Try it:
Under this line are the records; repeat exactly the lines starting at the one containing "Bild des Verkufers" and ending at the one containing "RENT 4. A U", omitting pictures.

Records provided:
⁂

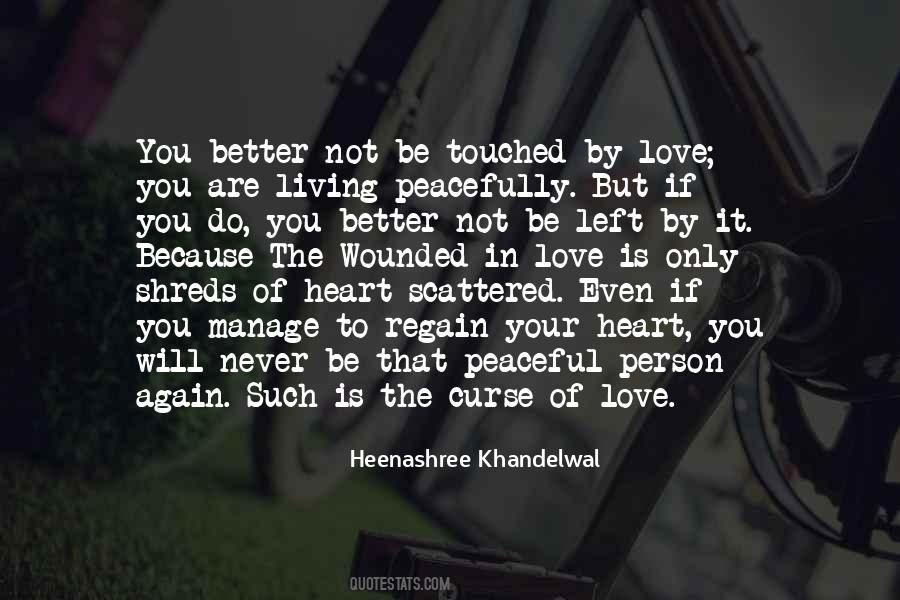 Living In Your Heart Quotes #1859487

⁂

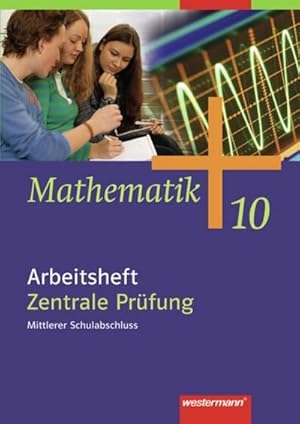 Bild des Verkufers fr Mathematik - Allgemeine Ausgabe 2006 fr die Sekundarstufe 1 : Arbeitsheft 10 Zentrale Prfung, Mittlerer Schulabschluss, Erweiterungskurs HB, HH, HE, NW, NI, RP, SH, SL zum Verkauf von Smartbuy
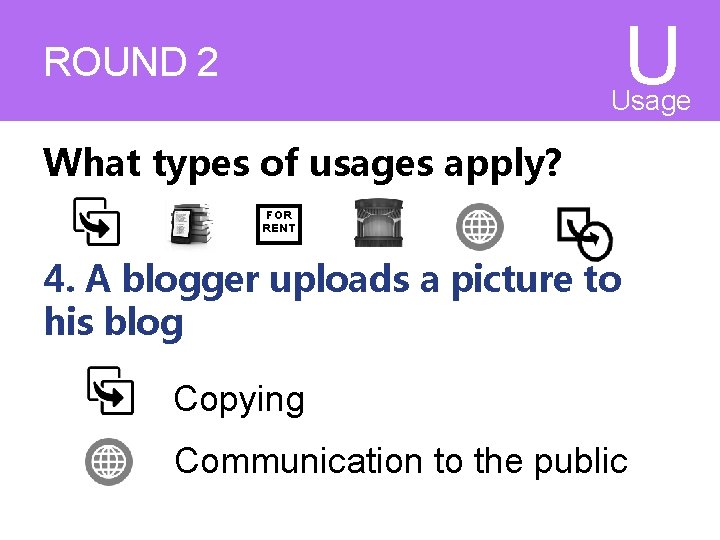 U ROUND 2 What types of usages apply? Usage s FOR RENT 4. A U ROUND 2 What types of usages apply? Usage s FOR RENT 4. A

⁂

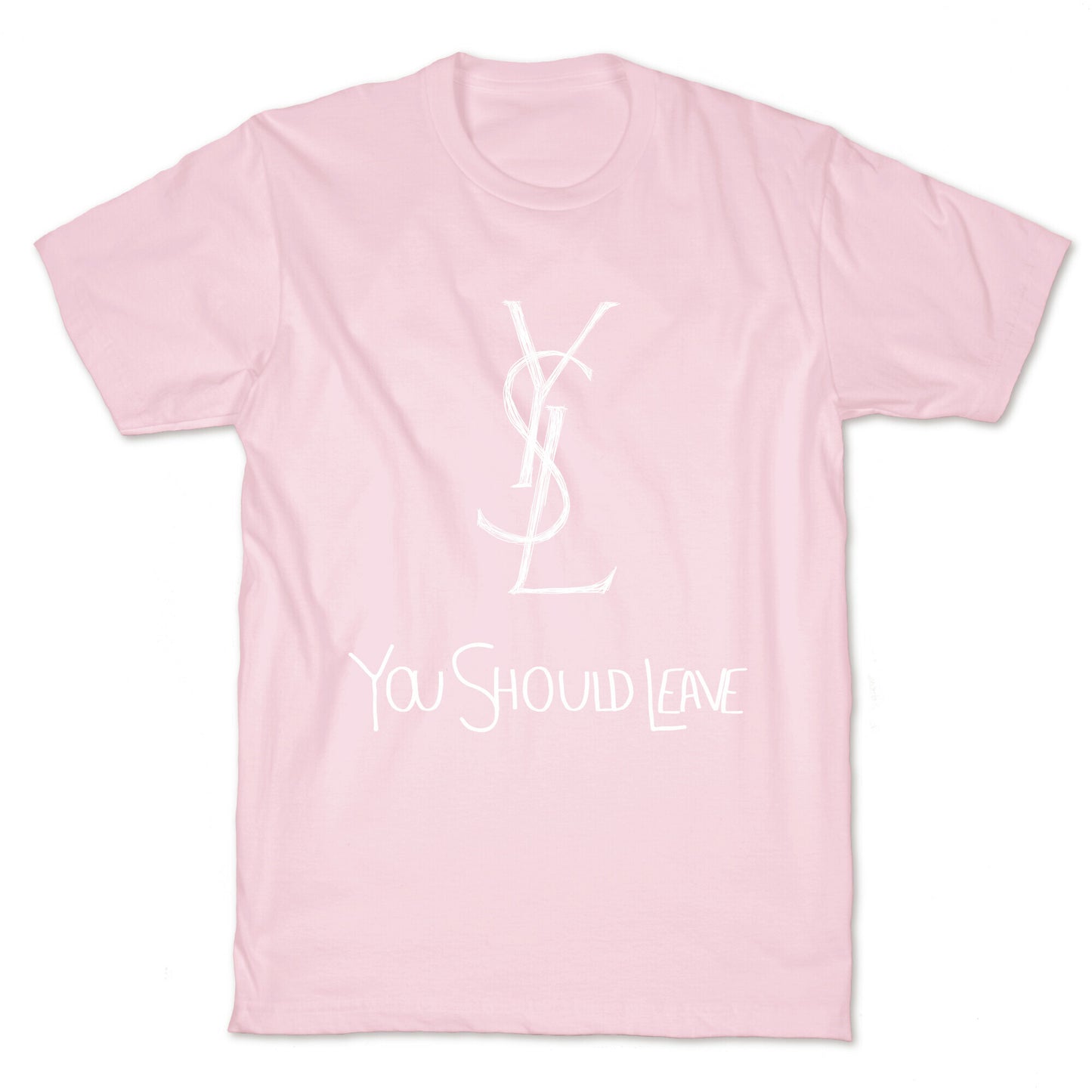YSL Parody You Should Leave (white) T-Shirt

⁂

Exercise solution:
 Bild des Verkufers fr Mathematik - Allgemeine Ausgabe 2006 fr die Sekundarstufe 1 : Arbeitsheft 10 Zentrale Prfung, Mittlerer Schulabschluss, Erweiterungskurs HB, HH, HE, NW, NI, RP, SH, SL zum Verkauf von Smartbuy
 U ROUND 2 What types of usages apply? Usage s FOR RENT 4. A U ROUND 2 What types of usages apply? Usage s FOR RENT 4. A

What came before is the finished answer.